[[ Data below open ]]

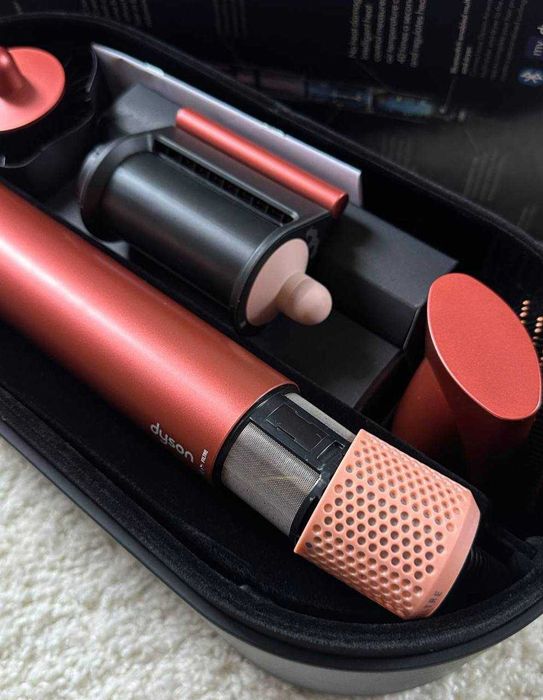 Надзвичайно якісний Dyson HS08 Straight & Wavy strawberry bronze
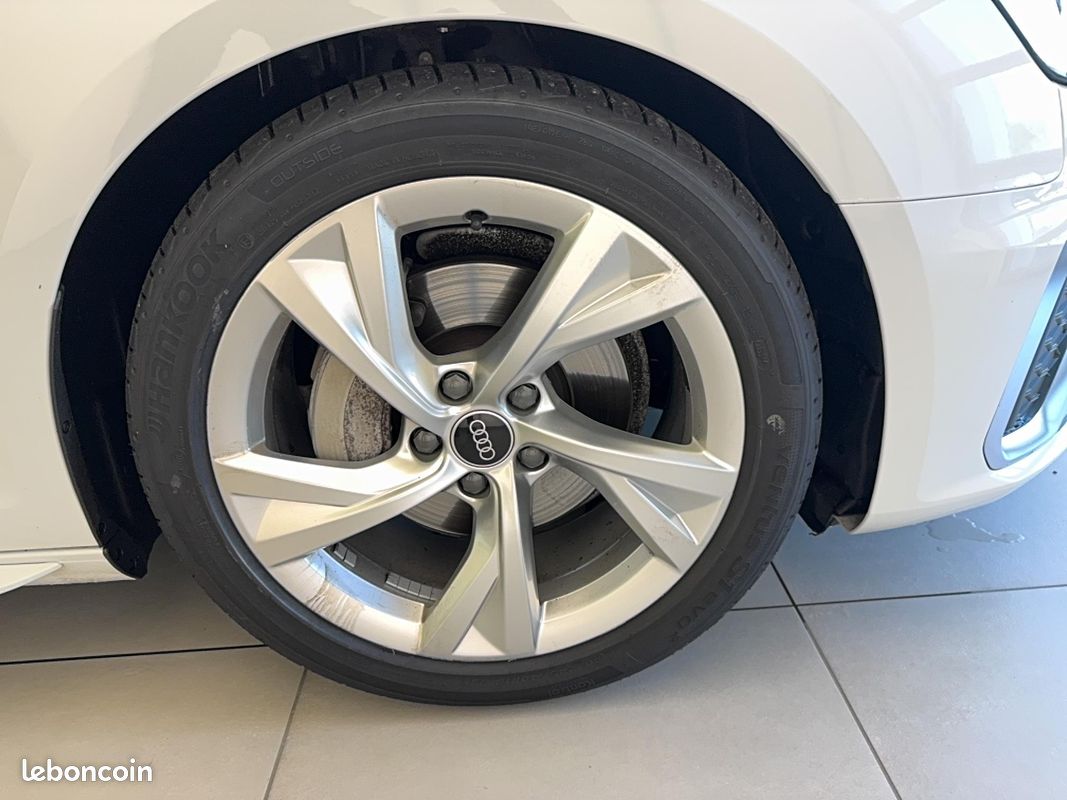 AUDI A4 Avant 40 TDI 204 S tronic 7 Quattro S line (image 12)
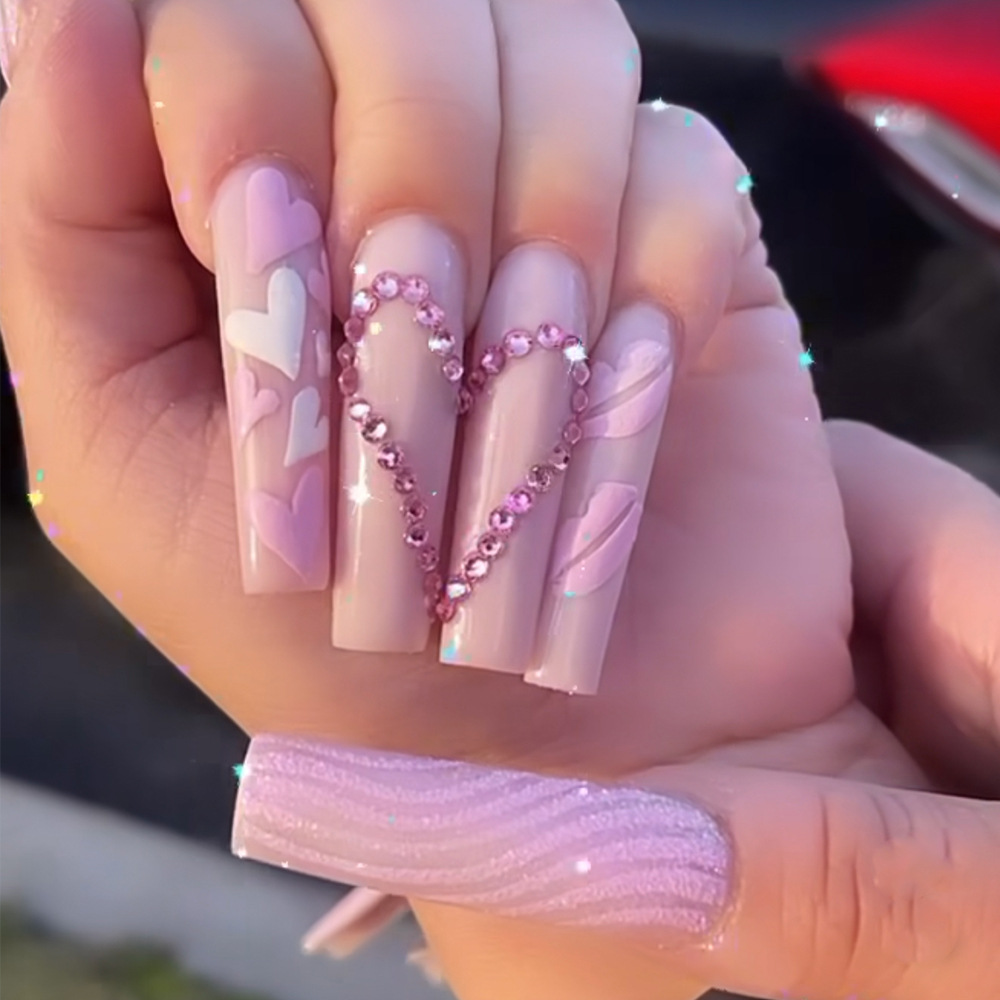 أظافر صناعية متوسطة الطول بتصم - مراجعة Nail Art Wedding وسعره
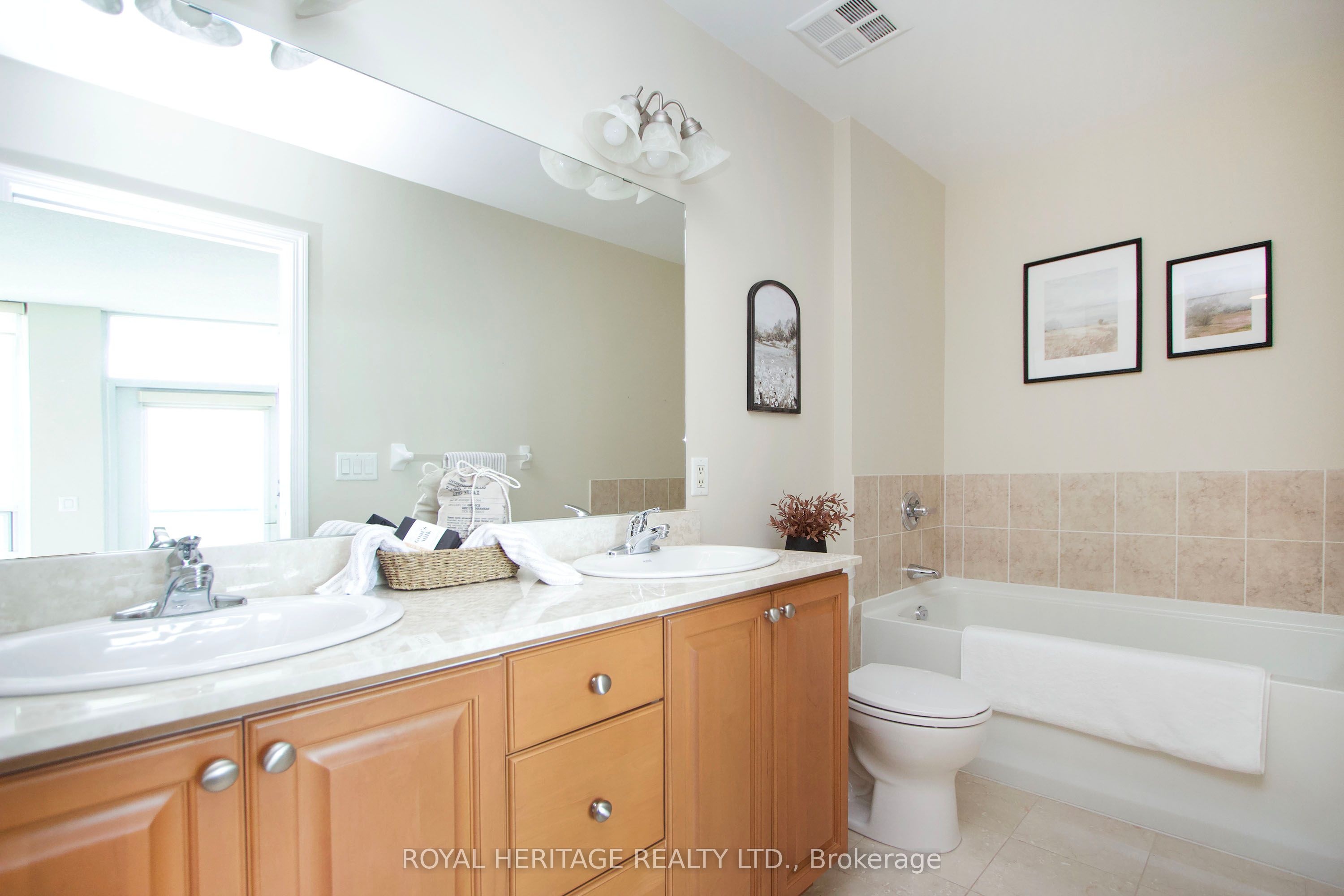 340 Watson St Street W 1209 Property Photo 16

[[ Data below closed ]]

Without the pictures, write out the entire listing exactly.

 Надзвичайно якісний Dyson HS08 Straight & Wavy strawberry bronze
 AUDI A4 Avant 40 TDI 204 S tronic 7 Quattro S line (image 12)
 أظافر صناعية متوسطة الطول بتصم - مراجعة Nail Art Wedding وسعره
 340 Watson St Street W 1209 Property Photo 16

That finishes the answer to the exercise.